Monday, Feb. 11, 1957

Peacock Path

A LEGACY (311 pp.)--Sybille Bedford--Simon & Schusfer ($3.50).

Julius von Felden stood with sinking heart in Berlin's Reichseisenbahnhofs-vorstandsamt (Station Master's Office). Across from him, icy, stone-faced officials jotted down the long list of damages inticed by his three small charges. Robert, Leon and Tzara. during the train journey from France ("1 Porcelain Washbasin with Lid, property of the Mittel-Europaeische Schlafwagen Gesellschaft. 1 Enamelled Notice-Plate marked VERBOTEN, property of the Preusfische Staats-Eisenbahm," etc.). Julius begged the little monsters: "Now if you will only be good a little longer, you'll be in your own nice beds with a glass of delicious hot milk." And grabbing Robert (who had skipped behind a vacant desk and gone to work with pen and rubber stamp), he rushed the trio off in search of a hotel. But not until day's end did weary Julius find a place that was prepared to admit Robert.

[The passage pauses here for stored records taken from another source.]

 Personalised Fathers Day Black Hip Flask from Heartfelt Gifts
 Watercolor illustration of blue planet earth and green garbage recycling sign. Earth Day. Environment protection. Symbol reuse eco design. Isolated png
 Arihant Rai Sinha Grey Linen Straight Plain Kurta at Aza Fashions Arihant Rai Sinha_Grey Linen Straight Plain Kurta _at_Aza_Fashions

Leon and Tzara--and even then, "they were taken up in the service lift." Such is the inhumanity of man to chimpanzees.

Von Felden's pet chimps are among the best of dozens of characters in A Legacy, a first novel that British critics rated as the richest windfall of 1956. Clearly, Author Bedford has written not only a good novel but one that touches her contemporaries in a vital, highly sensitive nerve. That nerve is the anguished one of old Europe. A Legacy describes the Victorian and Edwardian heyday when well-to-do men and women wandered without let or hindrance in a network of social connections that ran from the tip of Scotland to the toe of Italy. They toiled not, neither did they spin (except in diplomatic circles), and Robert, Leon and Tzara struck them as being a lot more human than the middle and lower classes. The broken, frontier-barred Europe of today is the "legacy'' they left behind; their saddened heirs look back upon them not with the anger of indignation but with the hungry envy that an upright sparrow might feel for a bone-lazy peacock.

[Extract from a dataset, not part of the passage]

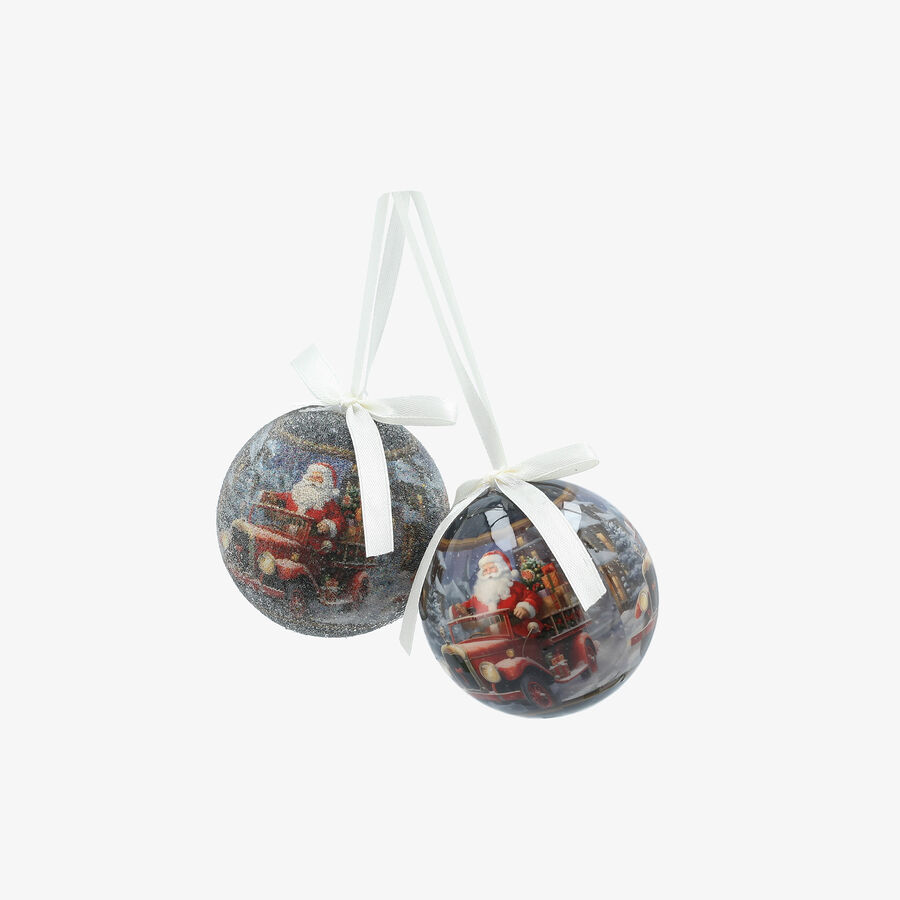 Set de 14 bolas de Navidad de Pap&aacute; Noel en coche &Oslash;7,5cm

Across the Pond. The peacock in its prime is shown by Author Bedford with the brilliance of an artist who can paint both a huge panorama and an Audubon closeup. Julius von Felden, feckless son of an ancient baronial house of Baden, has come to Berlin to marry Melanie. daughter of the Jewish House of Merz--a plutocratic, rock-solid family that lives in a welter of steam heat, massive drapes, and meals so continuous and gigantic that every room contains a deftly hidden mousetrap.

Julius' and Melanie's main aim in life is not to get bored to death, so they wander feebly to Spain and France, their pockets full of Merz money, their lives empty of solid interests. When Melanie dies (of tubercular tedium), Julius leaves their daughter to be raised by the kindly Merzes, and marries an Englishwoman who is kind to his pets. The stalemated wanderings begin again: soon the cosmopolitan millpond is covered with the crisscrossing tracks of society's idle, discontented water beetles. The never-changing House of Merz is the center and paymaster, and so long as it stands, all Europe plays upon its bounty, feeding the Merz gold into art. bric-a-brac, gambling debts, mistresses and "culture."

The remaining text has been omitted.